The governing council was named the Exovedate, Latin for "of the flock", and debated issues ranging from military policy to local bylaws and theological issues. It met at Batoche, Saskatchewan, and only exercised real authority during its existence over the Southbranch Settlement. The members, called Exovedes, were acclaimed by Gabriel Dumont (elected head of the military) on the 19th of March. Pierre Parenteau was made its president.

The provisional government collapsed with the fall of Batoche (see Battle of Batoche) and Riel was captured a few days later.

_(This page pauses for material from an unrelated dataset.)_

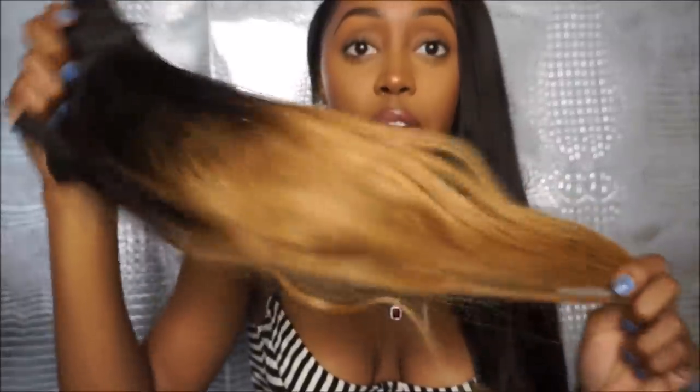The first time I ordered from them was back in February. I ordered a lace frontal that was like 16 inch, and then 18, 20, and 22 inch bundles, and it came out to be like $224. I had to pay for shipping but it came super fast. This was the hair when I first ordered it — it was in its natural color state, and I bleached it. This is my birthday hair.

Gabriel Dumont escaped to Montana.

==Flag==
On 19 March 1885, the day of the provisional government's proclamation,  Father Vital Fourmond, a witness to the proclamation, wrote about the provisional government's flag. "As a flag [Riel] chose the white flag of ancient France, with a royal blue shield bearing three golden fleurs de lys, saying that he was called to renew its ancient glories. On it he placed a large image of Mary's immaculate heart."

==Legacy==

BATOCHE. In 1872, Xavier Letendre dit Batoche founded a village at this site where Métis freighters crossed the South Saskatchewan River. About 50 families had claimed the river lots in the area by 1884. Widespread anxiety regarding land claims and a changing economy provoked a resistance against the Canadian Government. Here, 300 Métis and Indians led by Louis Riel and Gabriel Dumont fought a force of 800 men commanded by Major-General Middleton between May 9 and 12, 1885. The resistance failed but the battle did not mean the end of the community of Batoche.
— Historic Sites and Monuments board of Canada. Government of Canada

Batoche, where the Métis Provisional Government had been formed, has been declared a National Historic Site. Batoche marks the site of Gabriel Dumont's grave site, Albert Caron's House, Batoche school, Batoche cemetery, Letendre store, Gabriels river crossing, Gardepy's crossing, Batoche crossing, St. Antoine de Padoue Church, Métis rifle pits, and RNWMP battle camp.

In the spring of 2008, Tourism, Parks, Culture and Sport Minister Christine Tell proclaimed in Duck lake, that "the 125th commemoration, in 2010, of the 1885 North-West Resistance is an excellent opportunity to tell the story of the prairie Métis and First Nations peoples' struggle with Government forces and how it has shaped Canada today."